CONCORD, N.H. — The older of the two Boston bombing suspects bought two mortar kits from a New Hampshire fireworks store in February, although the amount of gunpowder the kits would have supplied wouldn’t have been enough on its own to detonate the bombs, company officials said Tuesday.
Tamerlan Tsarnaev bought two “Lock and Load” reloadable mortar kits containing 24 shells each on the evening of Feb. 6, said April Walton, the manager of Phantom Fireworks in Seabrook.
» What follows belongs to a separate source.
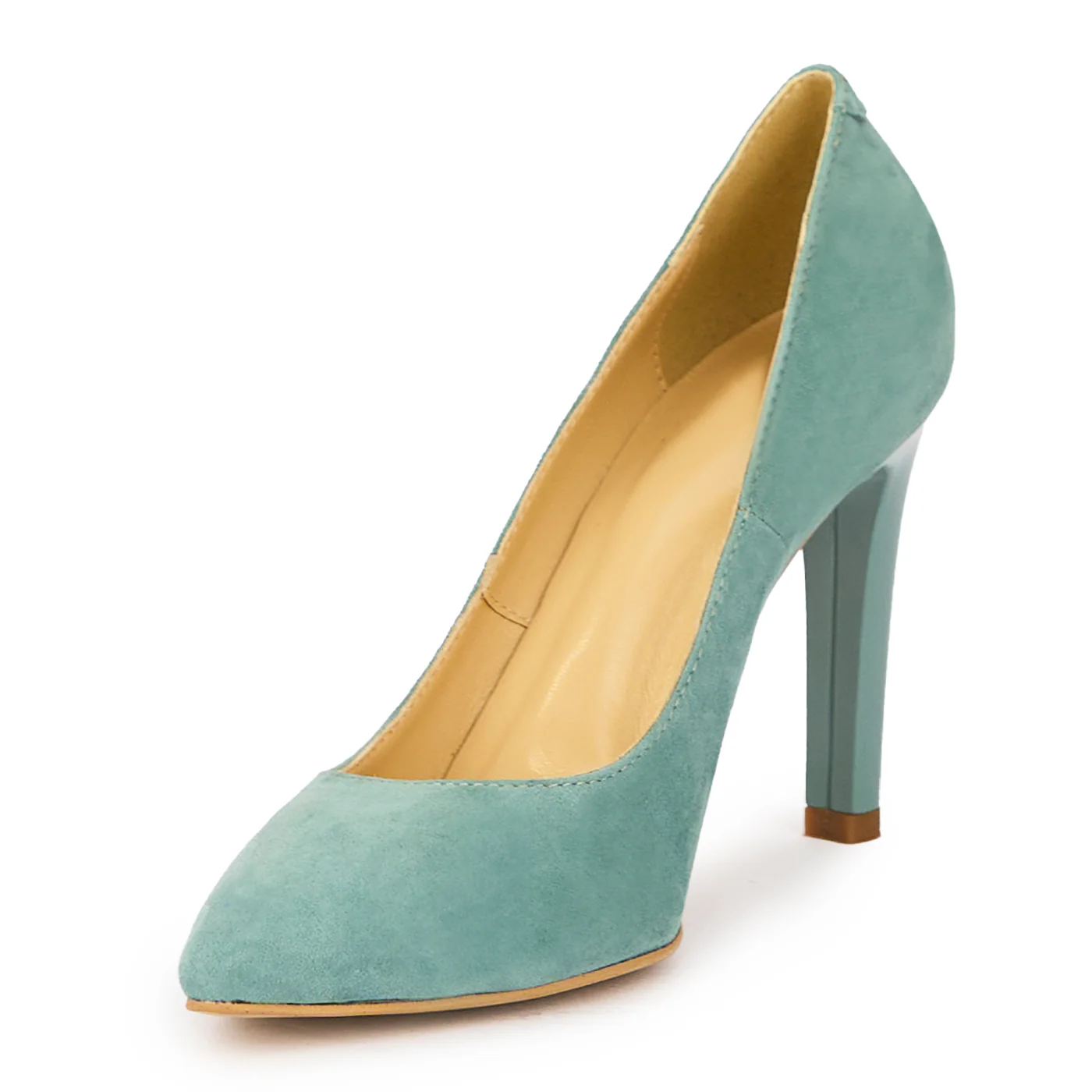 Pantofi dama din piele naturala albastra cu toc subtire 9.5 cm 15364 - Image 3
He paid $200 cash but scanned his driver’s license into the company’s computer system as required by store policy.
“We have a bank of computers at the front end where we greet everyone and hand out safety flyers,” she said. “He was just an average customer. ... He signed in, walked around and purchased the kits with cash.”
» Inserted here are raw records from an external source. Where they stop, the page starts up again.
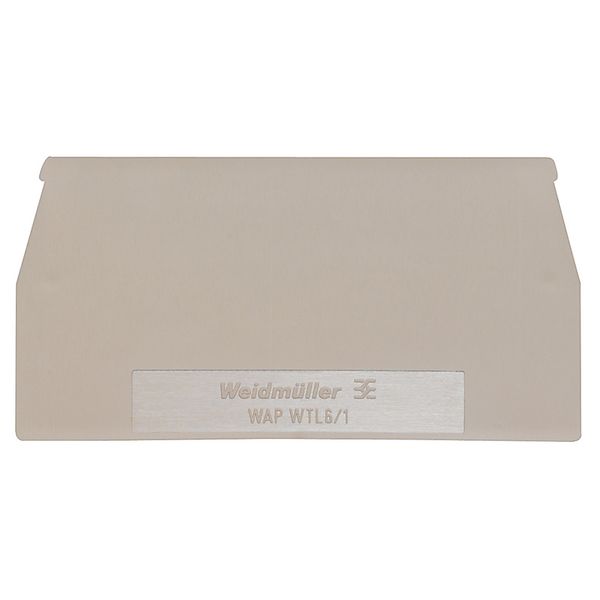 End plate for terminals, dark beige, Height: 65 mm, Width: 1.5 mm, V-0, Wemid, Snap-on: Yes image 1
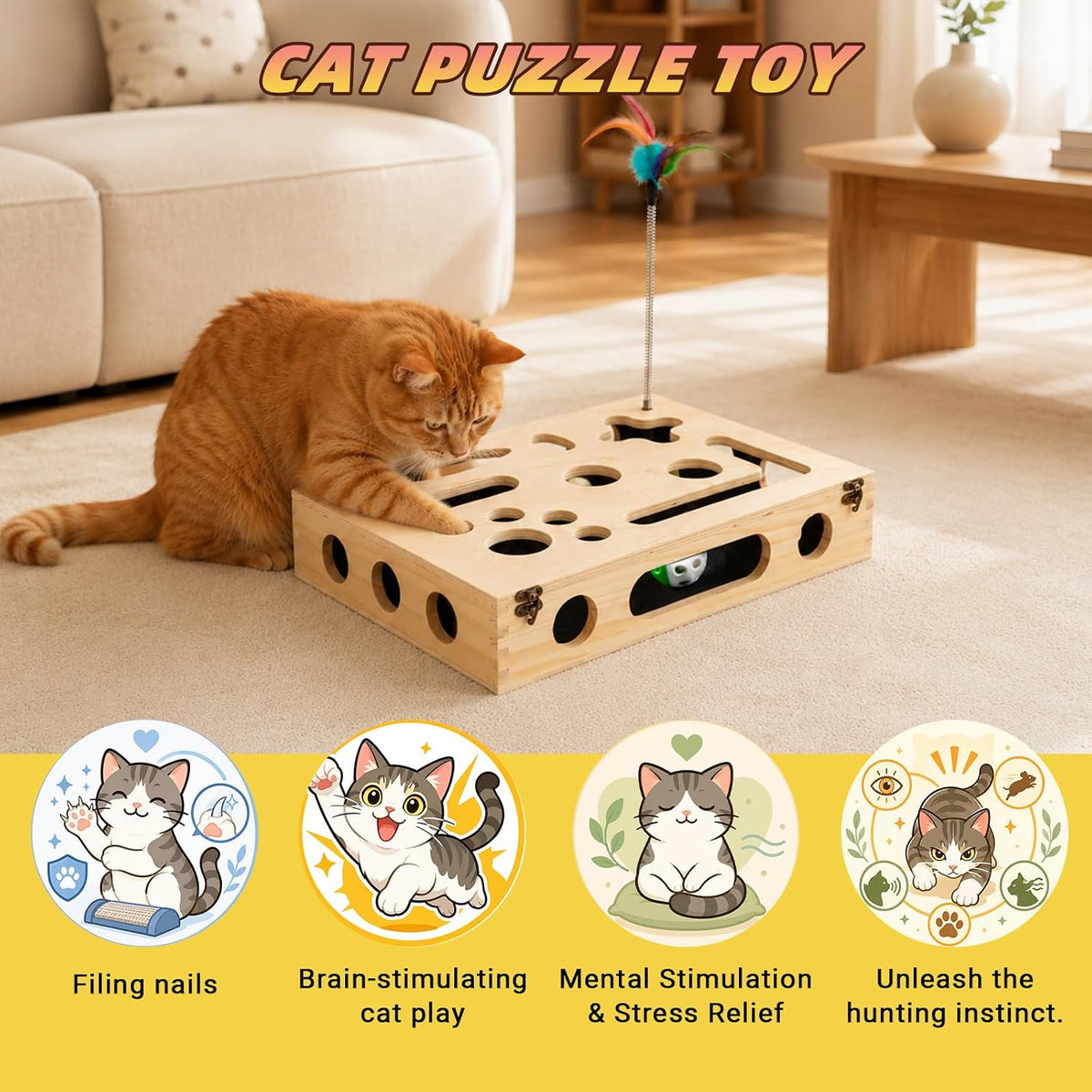 Cat Scratch Puzzle Enrichment Box, Interactive Cat Toy for 3 Balls & 2 Wand | Integrated Cat Nail File Scratcher - Stress Free Alternative to Clippers & Grinders for Indoor Cats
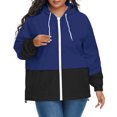 thumbnail image 1 of Ponceau Plus Size Rain Jacket for Women Raincoat Waterproof with Hood Rain Coats for Women Lightweight Navy Blue 3XL, 1 of 8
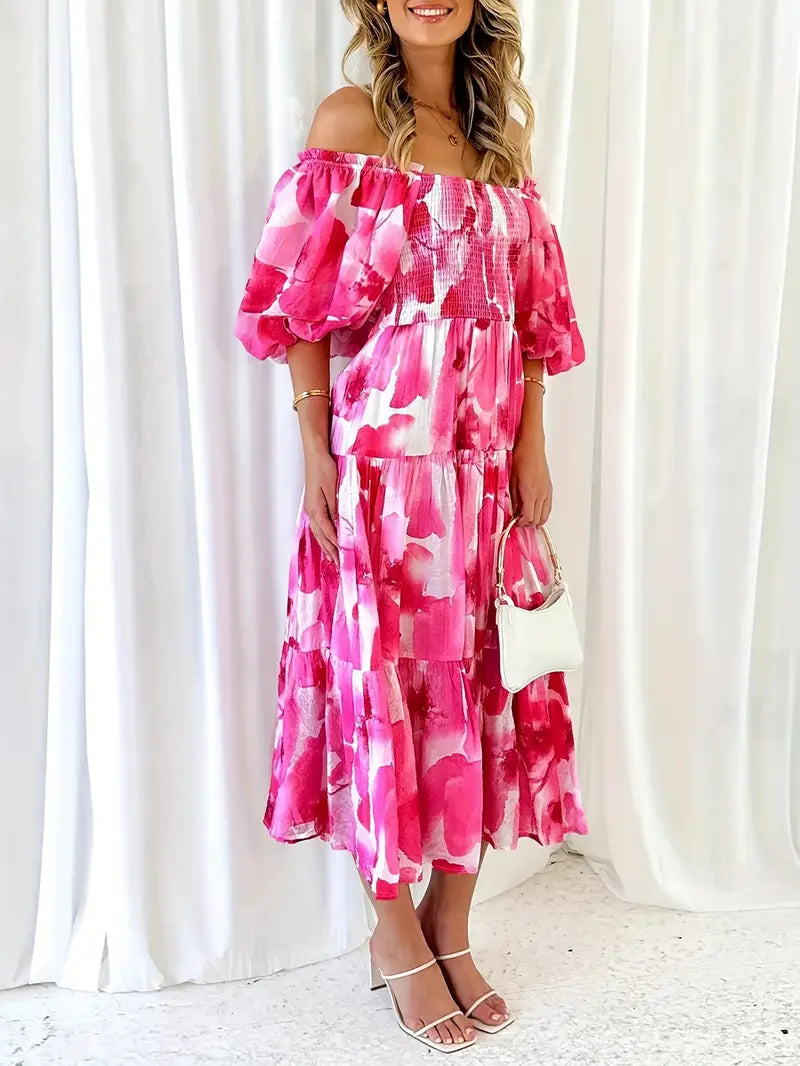 Abstract Print Off Shoulder Shirred Dress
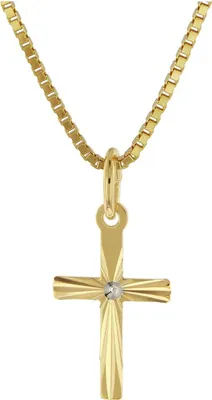 trendor 51954 Kreuz-Anhänger für Kinder Gold 585 mit Vergoldeter Silberkette 1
Walton wasn’t in the store at the time but said the employee who handled the sale described it as a routine transaction.
Tsarnaev, 26, and his younger brother, Dzhokhar, 19, are accused of setting off the bombs that killed three people and wounded more than 180 others on April 15. Tamerlan Tsarnaev was killed in a police shootout, while Dzhokhar Tsarnaev was captured alive but badly wounded.
The amount of gunpowder that could be harvested from the kits — less than a pound and a half — would not have been enough to detonate the Boston bombs, company Vice President William Weimer said, although it’s possible some of that powder may have been used.
The absence of colored smoke in the Boston explosions and other special effects powders mixed in with the fireworks’ blast powder suggests the bombers sought and used an alternate fuel source, he said.
“My suspicion is they experimented with this, decided they couldn’t get enough powder out of them and went to look for another fuel,” Weimer said.
Fireworks are legal in New Hampshire, but not in Massachusetts.
Weimer said the company checked its records and found Tsarnaev’s name seconds after investigators released the suspect’s identity. FBI agents visited the Seabrook store Friday, interviewed staff and checked its computers. The FBI will not comment on whether investigators visited the store, agent David Couvertier said.
The store no longer has video of Tsarnaev’s visit in February because surveillance cameras record over the tape every 30 to 45 days.
Store computers don’t record an image of a customer’s driver’s license, but capture the information off it. The computer file on particular customers then reflects all purchases they have made. Tsarnaev’s only trip to the store was the cash transaction in early February, Weimer said.
“He was a one-store, one-time customer,” he said.
Weimer said it’s not his company’s first brush with terrorist activity. In 2010, the man accused of a failed Times Square car bombing was seen on surveillance video buying consumer-grade fireworks mostly made up of paper and cardboard from a Phantom Fireworks store in Matamoras, Pa.